Run through the records and show each line that includes the string "Marketing".

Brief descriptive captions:
______________________________
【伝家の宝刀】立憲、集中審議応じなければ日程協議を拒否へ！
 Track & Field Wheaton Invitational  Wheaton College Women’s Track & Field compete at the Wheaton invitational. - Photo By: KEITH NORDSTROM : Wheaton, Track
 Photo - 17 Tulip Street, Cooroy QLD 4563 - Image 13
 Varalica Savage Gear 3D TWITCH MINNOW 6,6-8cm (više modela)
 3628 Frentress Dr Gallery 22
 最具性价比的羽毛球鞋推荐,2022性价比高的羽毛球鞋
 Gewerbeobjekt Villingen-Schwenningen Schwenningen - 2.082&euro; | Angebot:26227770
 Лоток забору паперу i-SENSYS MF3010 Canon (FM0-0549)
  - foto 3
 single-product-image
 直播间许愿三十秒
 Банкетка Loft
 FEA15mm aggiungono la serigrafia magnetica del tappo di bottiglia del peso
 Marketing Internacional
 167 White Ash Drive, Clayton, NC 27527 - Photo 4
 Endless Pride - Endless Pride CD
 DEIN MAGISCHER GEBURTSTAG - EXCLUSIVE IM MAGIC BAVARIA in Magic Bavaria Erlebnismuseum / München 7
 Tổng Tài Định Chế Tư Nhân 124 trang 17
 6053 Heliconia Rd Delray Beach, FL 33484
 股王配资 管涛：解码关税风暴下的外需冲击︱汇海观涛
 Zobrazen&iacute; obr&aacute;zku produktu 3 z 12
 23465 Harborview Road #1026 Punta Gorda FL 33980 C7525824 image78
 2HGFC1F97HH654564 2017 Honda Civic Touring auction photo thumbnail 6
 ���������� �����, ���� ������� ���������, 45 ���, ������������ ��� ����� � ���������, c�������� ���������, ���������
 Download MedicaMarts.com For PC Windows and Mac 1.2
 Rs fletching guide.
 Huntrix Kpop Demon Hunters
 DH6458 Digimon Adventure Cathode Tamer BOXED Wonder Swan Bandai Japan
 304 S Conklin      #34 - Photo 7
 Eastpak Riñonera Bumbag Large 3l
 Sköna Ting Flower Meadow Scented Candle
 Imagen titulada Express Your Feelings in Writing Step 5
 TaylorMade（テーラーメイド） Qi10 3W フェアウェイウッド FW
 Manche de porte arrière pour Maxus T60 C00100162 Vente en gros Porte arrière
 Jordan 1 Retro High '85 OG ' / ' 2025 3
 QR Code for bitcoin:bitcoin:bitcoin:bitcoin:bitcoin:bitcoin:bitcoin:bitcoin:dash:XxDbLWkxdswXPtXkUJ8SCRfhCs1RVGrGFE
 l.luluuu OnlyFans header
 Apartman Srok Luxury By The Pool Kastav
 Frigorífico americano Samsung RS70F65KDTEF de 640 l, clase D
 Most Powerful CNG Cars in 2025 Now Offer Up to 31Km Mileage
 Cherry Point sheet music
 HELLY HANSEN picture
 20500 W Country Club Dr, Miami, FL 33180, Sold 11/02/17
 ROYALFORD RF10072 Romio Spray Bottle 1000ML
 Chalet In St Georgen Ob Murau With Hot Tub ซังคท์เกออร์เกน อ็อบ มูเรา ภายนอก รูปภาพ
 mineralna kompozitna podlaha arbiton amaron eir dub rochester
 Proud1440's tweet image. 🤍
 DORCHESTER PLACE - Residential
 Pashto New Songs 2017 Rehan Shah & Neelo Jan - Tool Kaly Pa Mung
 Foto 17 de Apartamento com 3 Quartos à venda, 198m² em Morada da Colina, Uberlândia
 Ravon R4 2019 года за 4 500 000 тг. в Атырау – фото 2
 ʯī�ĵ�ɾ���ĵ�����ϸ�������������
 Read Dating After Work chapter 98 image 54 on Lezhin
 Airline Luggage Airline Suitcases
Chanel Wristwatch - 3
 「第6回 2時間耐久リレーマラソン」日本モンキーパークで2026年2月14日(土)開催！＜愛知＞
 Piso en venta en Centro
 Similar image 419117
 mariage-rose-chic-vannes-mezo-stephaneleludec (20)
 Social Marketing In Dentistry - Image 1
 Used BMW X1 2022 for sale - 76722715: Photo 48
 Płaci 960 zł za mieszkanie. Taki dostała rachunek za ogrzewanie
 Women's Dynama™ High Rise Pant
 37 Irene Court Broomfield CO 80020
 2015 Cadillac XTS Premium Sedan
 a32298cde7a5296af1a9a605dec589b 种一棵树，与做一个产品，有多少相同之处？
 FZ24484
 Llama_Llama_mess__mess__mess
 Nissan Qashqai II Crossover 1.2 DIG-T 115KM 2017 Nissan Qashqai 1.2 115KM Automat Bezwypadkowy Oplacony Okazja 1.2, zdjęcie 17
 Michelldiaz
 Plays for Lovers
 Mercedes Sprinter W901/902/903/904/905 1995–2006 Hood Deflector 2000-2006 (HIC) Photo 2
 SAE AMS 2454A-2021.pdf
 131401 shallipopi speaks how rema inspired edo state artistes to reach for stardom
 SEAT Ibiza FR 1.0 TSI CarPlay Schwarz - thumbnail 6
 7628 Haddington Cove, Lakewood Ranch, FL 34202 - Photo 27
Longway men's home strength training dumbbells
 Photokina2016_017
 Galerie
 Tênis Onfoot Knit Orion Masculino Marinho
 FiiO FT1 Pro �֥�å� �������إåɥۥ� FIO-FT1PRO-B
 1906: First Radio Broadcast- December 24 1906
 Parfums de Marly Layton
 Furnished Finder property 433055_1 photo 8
______________________________
• EXERCISE RESULT
 Marketing Internacional
 Social Marketing In Dentistry - Image 1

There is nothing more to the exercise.